WHAT YOU ARE ASKED TO DO: Return nothing but the lines from the one containing "ALBUFEIRA- NEW SEMI-DETACHED 3 BEDROOM HOUSE" through the end of the records below, exactly as they stand and without pictures.

DATA EXTRACT:
_____

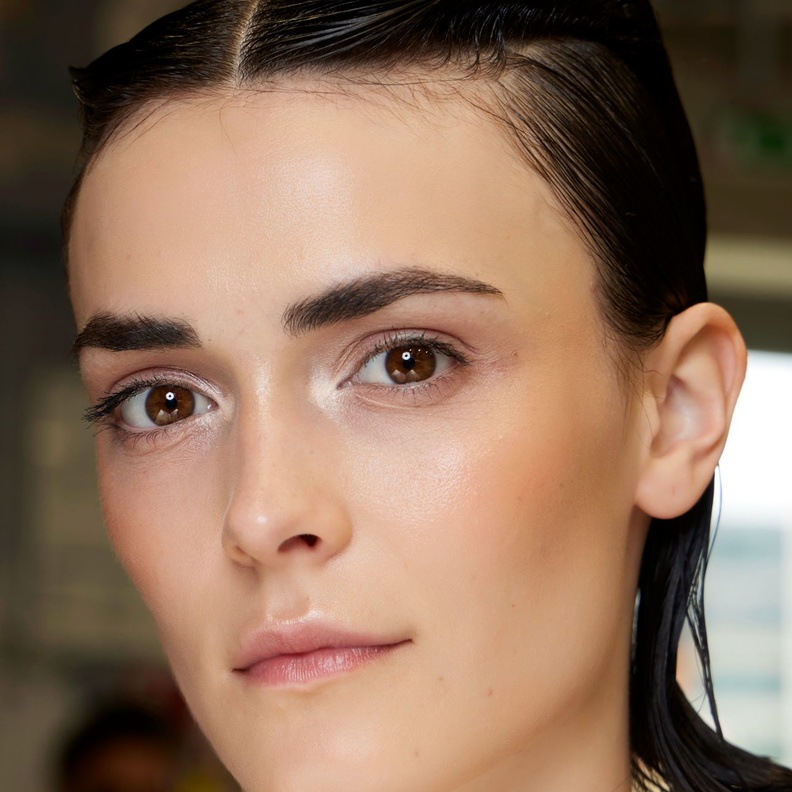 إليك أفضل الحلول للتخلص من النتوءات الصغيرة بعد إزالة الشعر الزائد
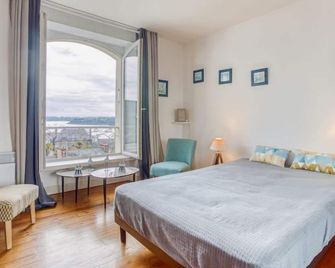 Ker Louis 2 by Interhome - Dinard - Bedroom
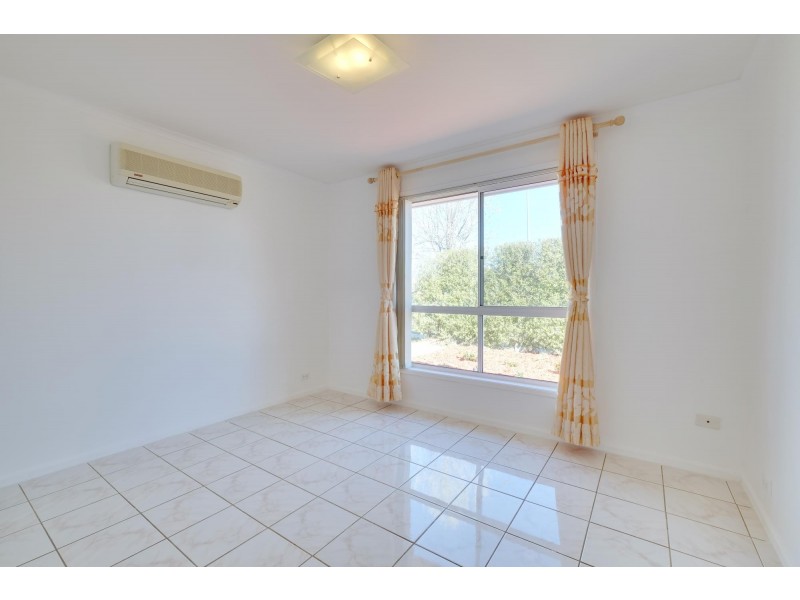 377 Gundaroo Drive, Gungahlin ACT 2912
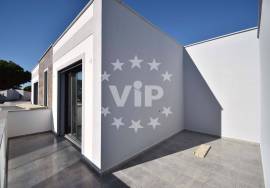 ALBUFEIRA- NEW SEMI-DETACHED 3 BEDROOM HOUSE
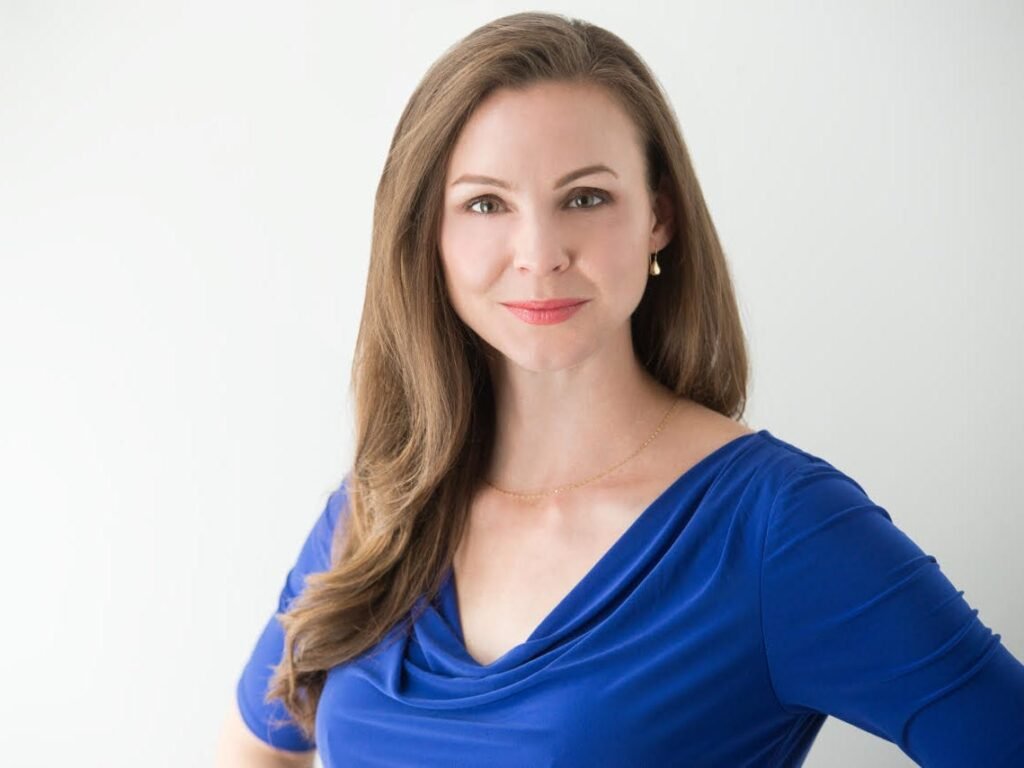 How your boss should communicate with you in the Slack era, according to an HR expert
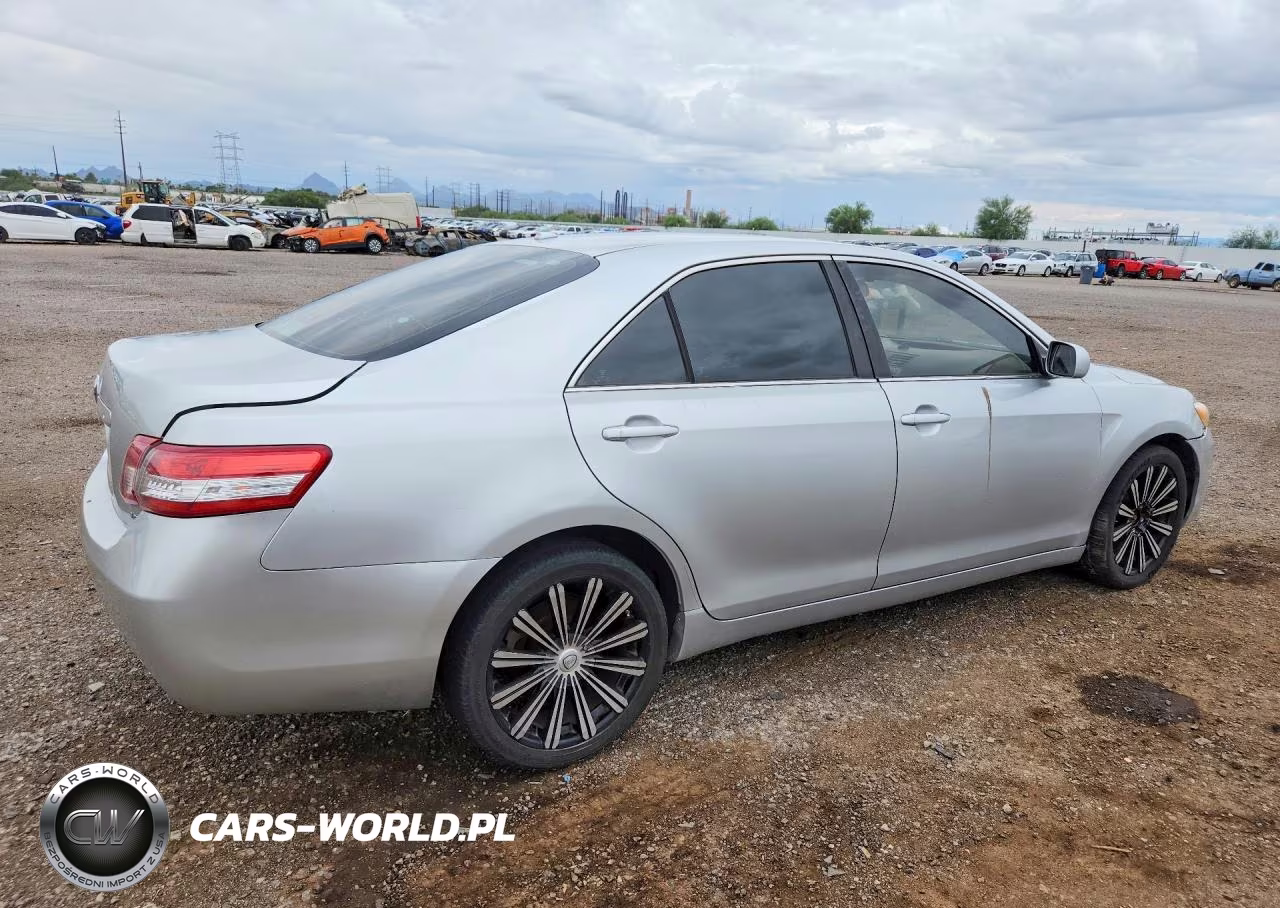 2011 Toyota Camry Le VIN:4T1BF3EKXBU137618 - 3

_____

WRITTEN ANSWER:
 ALBUFEIRA- NEW SEMI-DETACHED 3 BEDROOM HOUSE
 How your boss should communicate with you in the Slack era, according to an HR expert
 2011 Toyota Camry Le VIN:4T1BF3EKXBU137618 - 3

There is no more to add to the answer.